Heads of cyber security from the UK, US, China, India and France kicked off the Worldwide Cybersecurity Summit in London with a high level discussion on how the world should work together to mitigate the threat of cyber terrorism.

Government officials from Germany and Russia were originally set to be included in the discussion but did not attend.

Themes included a need for more international collaboration to tackle cyber criminals, and what form this collaboration should take, as well how to get the balance right between online freedoms and regulation.

France and India debated whether the world needs more international regulation to provide a framework for states to effectively clamp down on cyber criminals, or whether national legislation is enough.

France said that national laws should suffice but that nation states should work together to combat cyber terrorists by quantifying the risk of cyber threats and setting international security standards for businesses.
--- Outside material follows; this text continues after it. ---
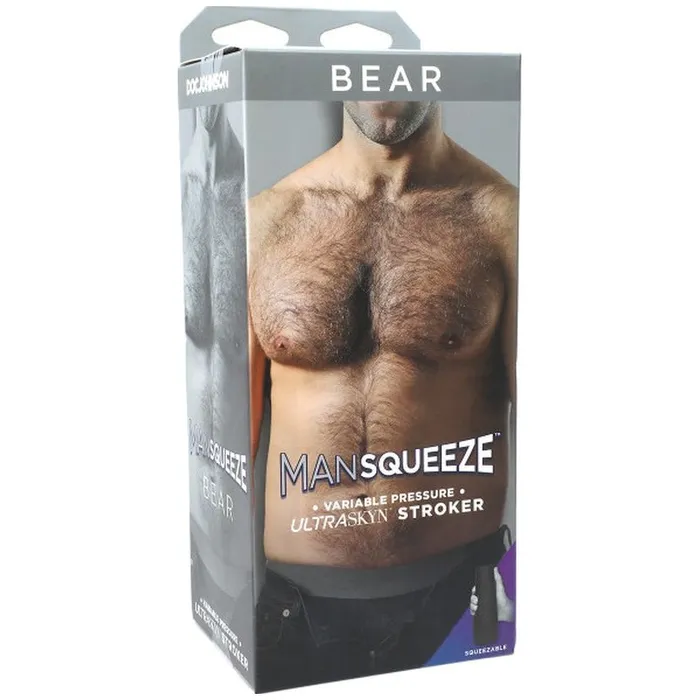 Male Sex Toys Man Squeeze Bear UltraSkyn Stroker Ass Vanilla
"Can we still really say cyber space has no frontiers and the borders of cyber space do not follow political boundaries? Borders do exist and they are becoming stronger," said Francis Delon, France's secretary general for Defence and National Security Affairs.

“Work has to be done at an international level. This should consist of internationally agreeing an evaluation scale for cyber attacks, similar to the one being used for nuclear incidents. Secondly we need norms that the private sector should conform to, which will secure critical systems.”

India took a different view, arguing that cyber space is borderless in nature and that a global legal regime is needed to deal with the cyber terrorist threat.

“The nature of cyber space is that it is borderless and anonymous and it is not subject to government territories that have laws,” said Kapil Sibal, India's minister for IT and communications.

“So there is a fundamental contradiction between government regulation and the nature of cyber space.

“It can be called a global problem more even than the environment because the threats can manifest themselves across the whole world. The threats require concerted action across governments. The question is what kind of action and co-ordination.”